S.Lyudkevych Concert Hall
150–390
Artists:
Program:
The continuation of the jubilee events of the Lviv Virtuosos orchestra will be an exquisite evening of chamber music in a symphonic context, as Benjamin Britten’s “Simple Symphony” and “Adagio” from Anton Bruckner’s Symphony No. 7 and Ottorino Respighi’s Suite for String Orchestra will be performed. The well-known Lviv conductor Yurii Bervetskyi will lead the orchestra through these music paths.
The opening evening was written by the young twenty-year-old Britten, “Simple Symphony”. After finishing his last semester at the Royal College of Music, the composer hurried home, where he reviewed his youthful works, summing up his youth. They turned out to be quite a lot because musical talent manifested itself in him extremely early – at a time when his peers were mastering reading and writing, Britten was already composing his own works. This is how the idea was born to combine them into a symphony, each part of which would be based on two of the composer’s children’s plays.

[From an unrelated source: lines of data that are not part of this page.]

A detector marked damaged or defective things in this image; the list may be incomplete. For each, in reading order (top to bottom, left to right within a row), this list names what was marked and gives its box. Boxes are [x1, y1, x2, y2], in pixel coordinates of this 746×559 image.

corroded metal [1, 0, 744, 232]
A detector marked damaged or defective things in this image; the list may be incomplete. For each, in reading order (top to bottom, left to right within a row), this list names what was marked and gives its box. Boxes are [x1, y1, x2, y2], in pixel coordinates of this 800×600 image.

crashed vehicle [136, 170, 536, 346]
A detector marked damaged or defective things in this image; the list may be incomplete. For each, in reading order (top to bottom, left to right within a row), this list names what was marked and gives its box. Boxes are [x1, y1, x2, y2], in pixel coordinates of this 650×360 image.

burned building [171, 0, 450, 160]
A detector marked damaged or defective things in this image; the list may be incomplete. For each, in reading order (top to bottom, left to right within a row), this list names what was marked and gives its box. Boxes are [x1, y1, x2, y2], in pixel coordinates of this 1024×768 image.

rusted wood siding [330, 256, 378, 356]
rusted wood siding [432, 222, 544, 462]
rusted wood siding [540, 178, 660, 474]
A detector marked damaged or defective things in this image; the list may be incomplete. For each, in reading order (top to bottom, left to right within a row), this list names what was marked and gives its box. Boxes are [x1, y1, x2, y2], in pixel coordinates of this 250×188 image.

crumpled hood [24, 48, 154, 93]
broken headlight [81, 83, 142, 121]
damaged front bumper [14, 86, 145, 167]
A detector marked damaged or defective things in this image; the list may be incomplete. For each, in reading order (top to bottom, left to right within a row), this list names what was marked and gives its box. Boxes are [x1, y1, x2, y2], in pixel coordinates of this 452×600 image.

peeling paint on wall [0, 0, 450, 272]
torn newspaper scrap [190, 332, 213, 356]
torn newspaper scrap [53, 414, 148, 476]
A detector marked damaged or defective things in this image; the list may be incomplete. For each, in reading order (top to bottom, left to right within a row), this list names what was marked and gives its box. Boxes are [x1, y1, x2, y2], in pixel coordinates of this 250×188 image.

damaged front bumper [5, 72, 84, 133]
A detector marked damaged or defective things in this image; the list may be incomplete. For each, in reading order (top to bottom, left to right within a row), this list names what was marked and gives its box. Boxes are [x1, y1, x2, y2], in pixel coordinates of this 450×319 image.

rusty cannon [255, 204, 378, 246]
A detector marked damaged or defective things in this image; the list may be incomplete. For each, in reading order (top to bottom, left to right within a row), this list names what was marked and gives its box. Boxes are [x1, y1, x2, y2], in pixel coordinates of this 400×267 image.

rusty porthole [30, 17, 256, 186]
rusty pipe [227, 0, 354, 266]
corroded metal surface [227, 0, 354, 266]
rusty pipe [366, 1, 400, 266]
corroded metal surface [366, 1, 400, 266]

The first movement, Boisterous Bourrée, is inspired by the 1925 piano suite and the song “Now the King is Home Again”. In the second movement, “Playful Pizzicato”, Britten turned to Rudyard Kipling’s 1924 piano sonata and song. The third part became a musical prediction of the future mature style of the composer because it was the Sentimental Sarabande, which is also built on the themes of a piano suite and a waltz, that managed to touch the deep lyricism characteristic of an adult Britten.
The symphony ends with a sublime life-affirming finale, in which you can also hear the influence of another British genius – Edward Elgar.
A counterweight to Britten’s youthful impulse will be the profoundly baroque Suite for Strings of the leading symphonist of the 20th century, Ottorino Respighi, in which the famous Italian experiments with a collection of works for the lute of the 16th and 17th centuries. The iconic Adagio from Anton Bruckner’s Symphony No. 7 will complete the program. It was the Seventh Symphony that brought Bruckner to the heights of worldwide recognition. Bruckner wrote the second part as a sign of gratitude, respect, and memory of the artist who ignited the symphonic spark in him – Richard Wagner.